An Interview With Writer Todd Tavolazzi

Todd Head Shot

Todd Tavolazzi is the author of, Looking Into the Sun; here is a link to his Amazon page:

Q:  What is Looking Into the Sun about?

A: It is a novel that follows a freelance war reporter and a young Hollywood movie star, researching his next role, into Syria to rescue Syrian children from a besieged Syrian town.

Q:  What is your personal connection to the story?

A: As a military strategic planner, I was tasked with studying the Syrian conflict in 2013. Through open source reporting, both print and video, I found that there was much more going on there than was being reported in the mainstream media. One of the reasons was that the Syrian government had kicked out all of the journalists. But there were still a small group of dedicated journalists, both amateur and professional, who would smuggle themselves across the border of Jordan, Lebanon, and Turkey into Syria to report on what was going on.

I saw video reporting from brave reporters from many news agencies, but several from Vice News were harrowing and compelling. They showed a snapshot in a 15-20 minute blocks of what civilians were enduring inside Syria. The biggest shock I discovered was the atrocities not only against civilians, but against children. There were heartbreaking videos of wounded and dying children – suffering every day from the conflict.

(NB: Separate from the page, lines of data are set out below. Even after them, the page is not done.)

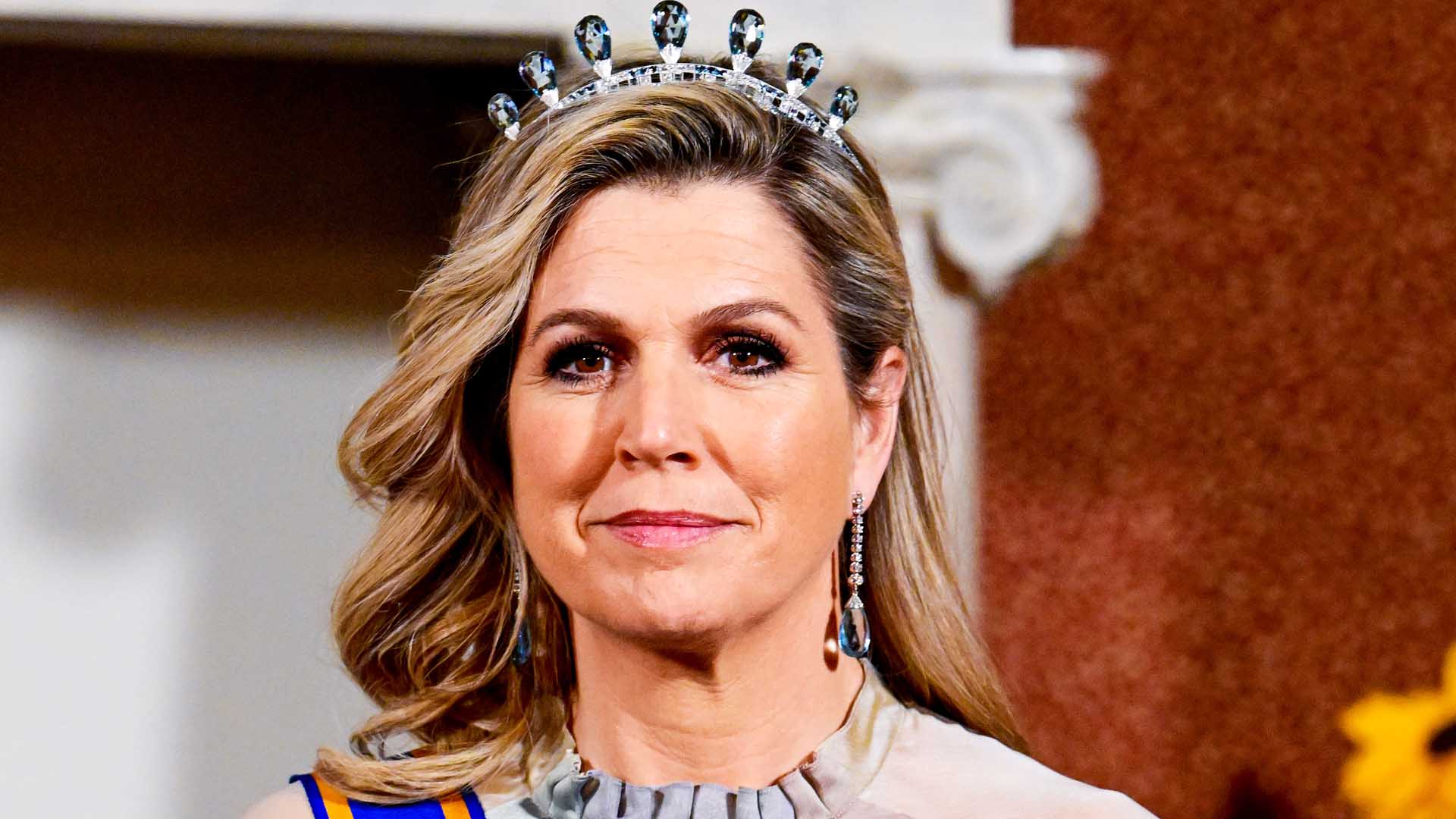 Máxima de Holanda saca la artillería pesada en su última cena de gala con su impresionante tiara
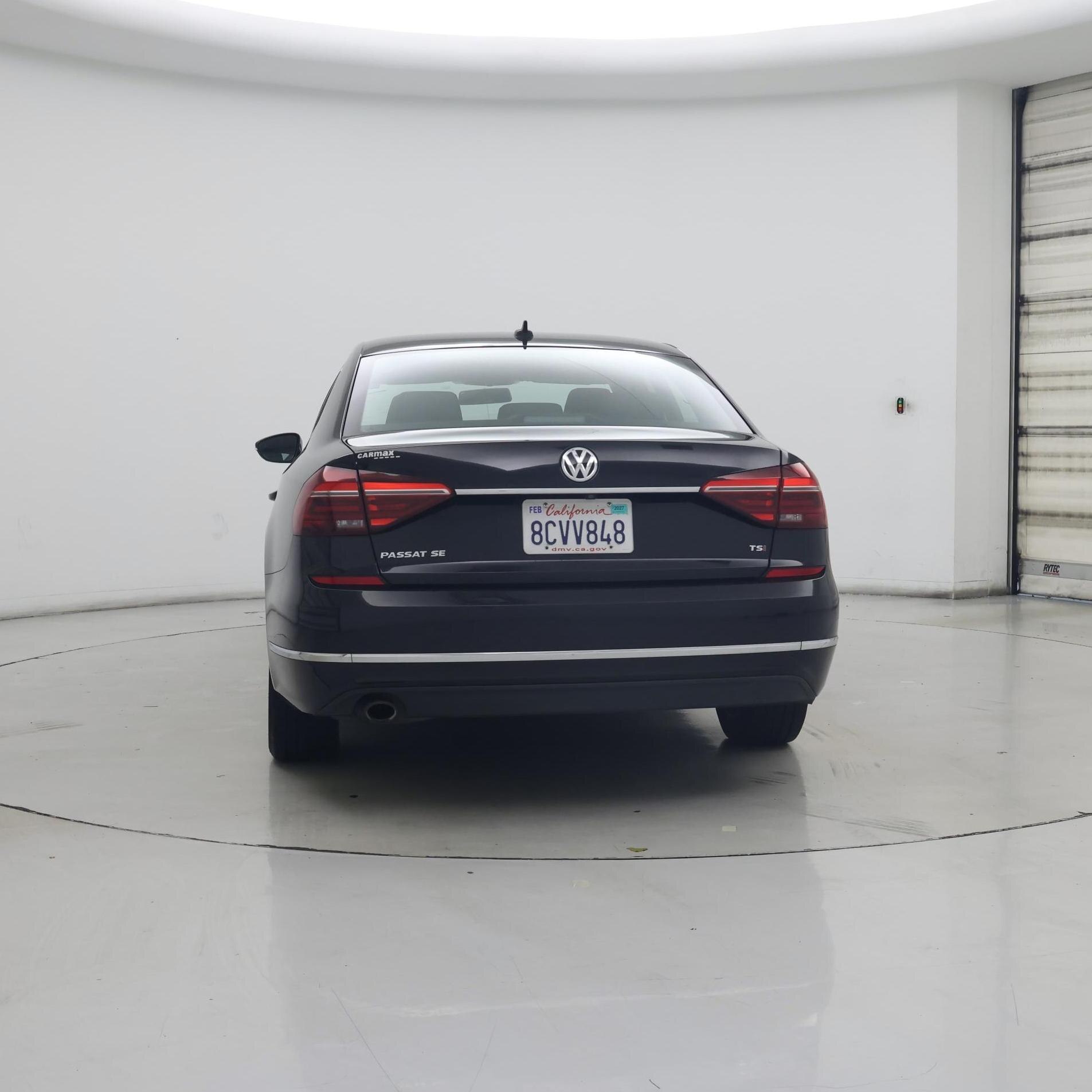 Thumbnail: 2018 Volkswagen Passat - 6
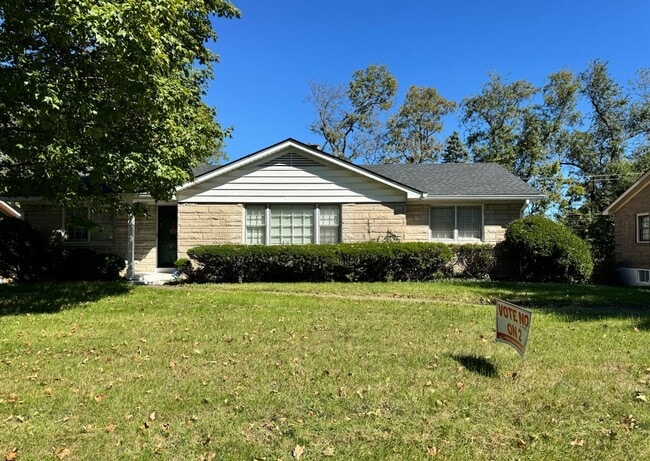 property at 271 Malabu Dr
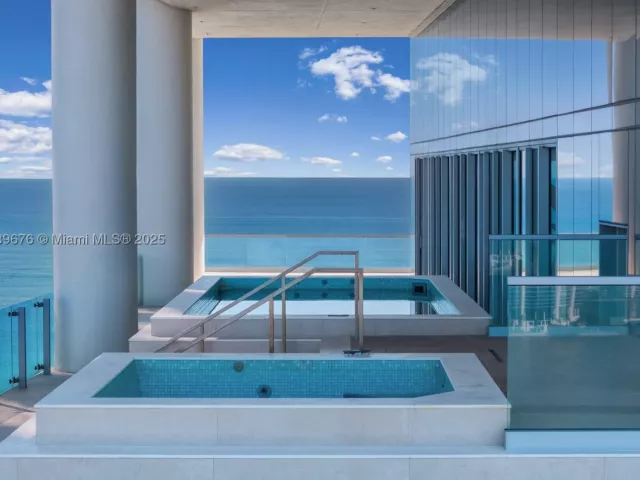 5-bedroom condo for sale in Sunny Isles Beach - 18501 Collins Ave 2301 - MondialRealty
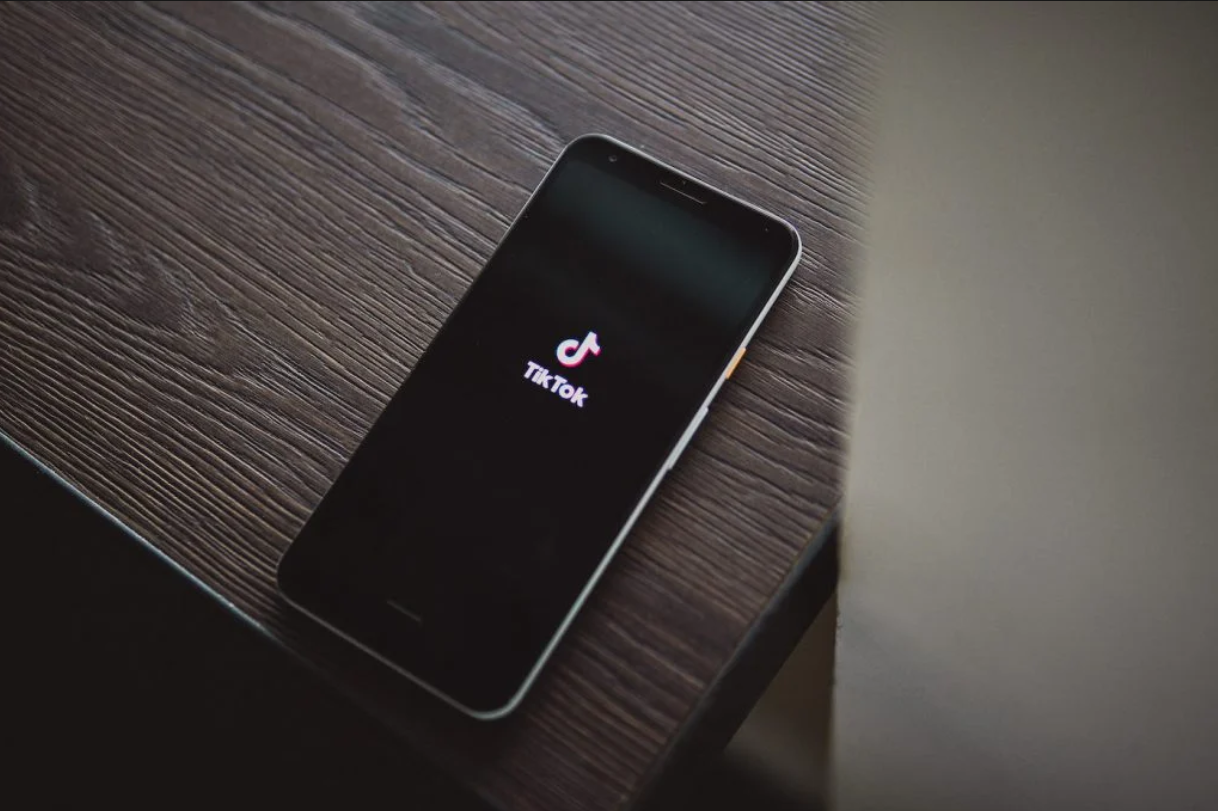 TikTok, responsable du suicide d’une adolescente ? Une plainte a été déposée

I had two small children at home at the time and it made me angry that this sort of situation was not given more global attention. So, I decided that I would formulate a story based on the things I had discovered from those brave journalists and use the story as a vehicle to raise awareness and hopefully funds for charity organizations to help Syrian children.

Q: What makes Angus Conn worth reading about?

A: I created the Angus Conn character from a few different journalist personalities, both men and women, who have a deep connection with the region and are professional war correspondents. The thing that made this type of character interesting to me – and what I wanted to convey in the story – was not only this type of journalist’s dedication – but a sense that there is nothing else these types of people can do in their lives. They were born with a deep desire to find the truth and do everything they can to expose it and make more sense of the world. I also wanted Angus to be desperate that his efforts were not amounting to much – but he pushes on and continues his work, but eventually must decide whether he is going to go against his journalistic principles of “report the story, don’t be the story.” He decides he can no longer stand by and just report…he decides that if he has to “be the story” to save Syrian children from this conflict, then that is what he will do…along with his movie star companion. I thought that would be a compelling story that I’d like to read or see on a movie screen. Hopefully, others feel the same way.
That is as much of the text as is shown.